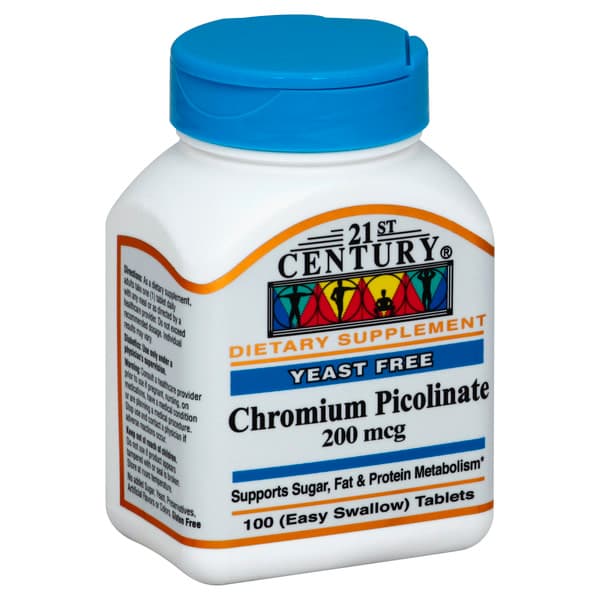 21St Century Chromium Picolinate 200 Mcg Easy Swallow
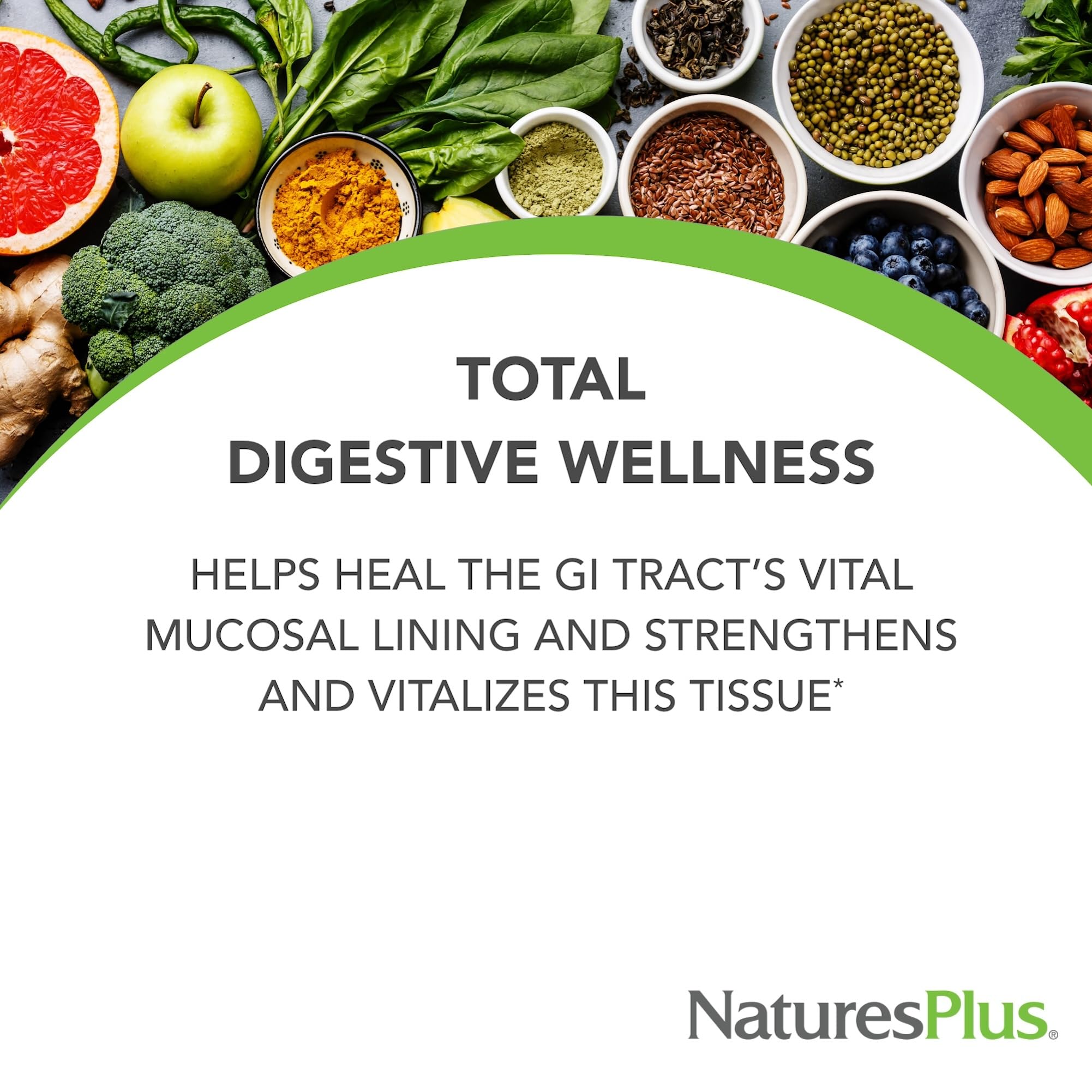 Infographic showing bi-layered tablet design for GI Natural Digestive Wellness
◆ ◆ ◆ ◆ ◆
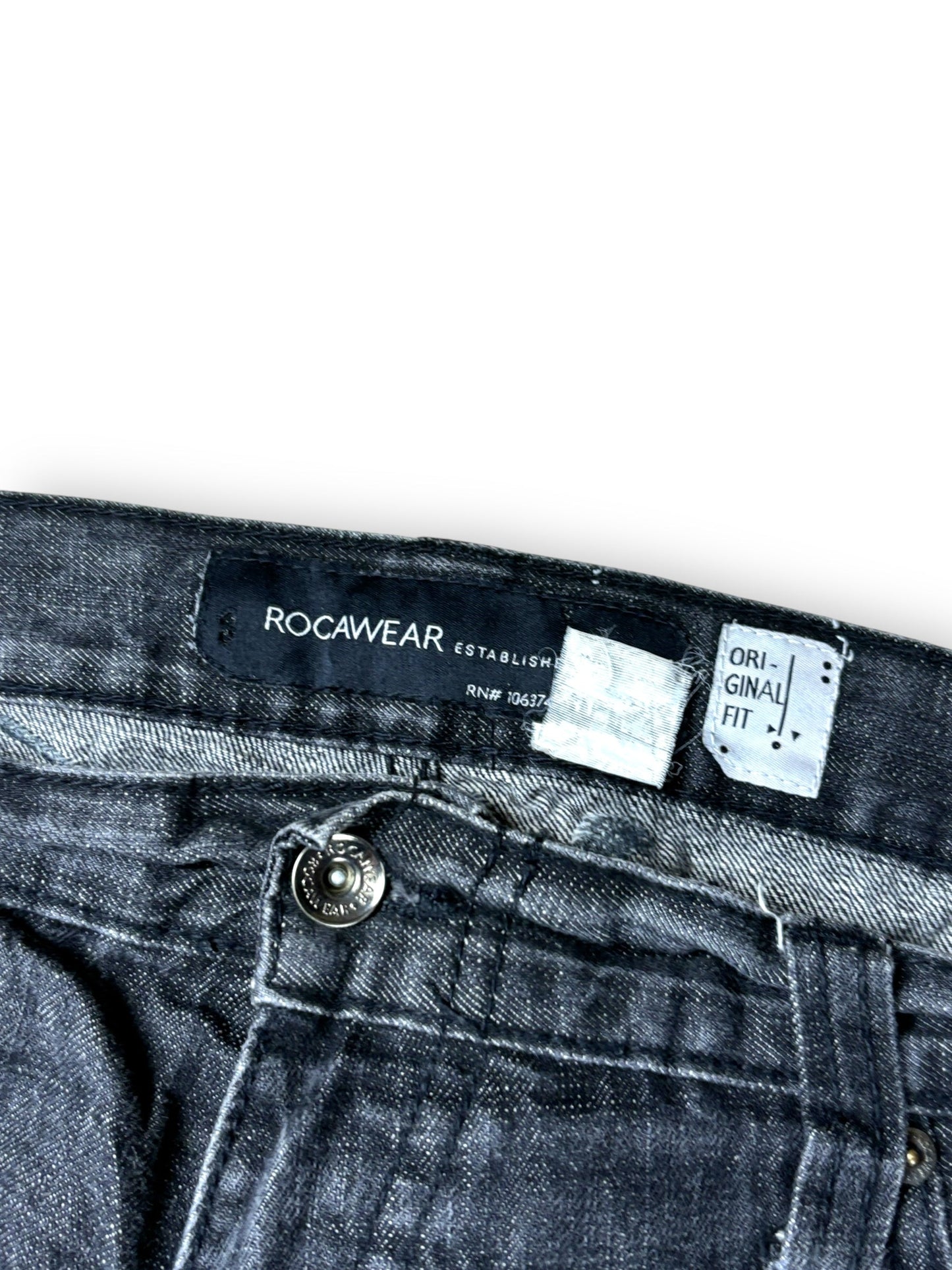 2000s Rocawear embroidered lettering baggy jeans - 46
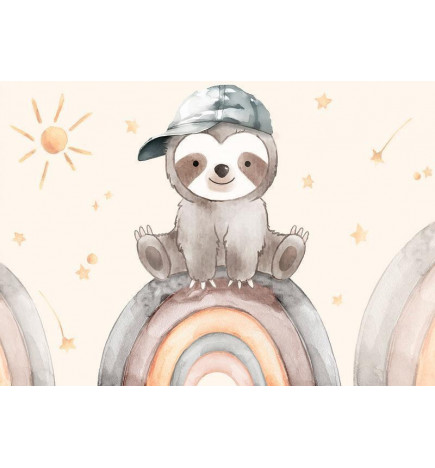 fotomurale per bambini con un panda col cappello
◆ ◆ ◆ ◆ ◆
> **ACTIVITY**
In the listing above, the required lines run from the line with "2000s Rocawear embroidered" through the line with "fotomurale per bambini". Output exactly those lines, omitting pictures.

> **THE ANSWER**
 2000s Rocawear embroidered lettering baggy jeans - 46
 fotomurale per bambini con un panda col cappello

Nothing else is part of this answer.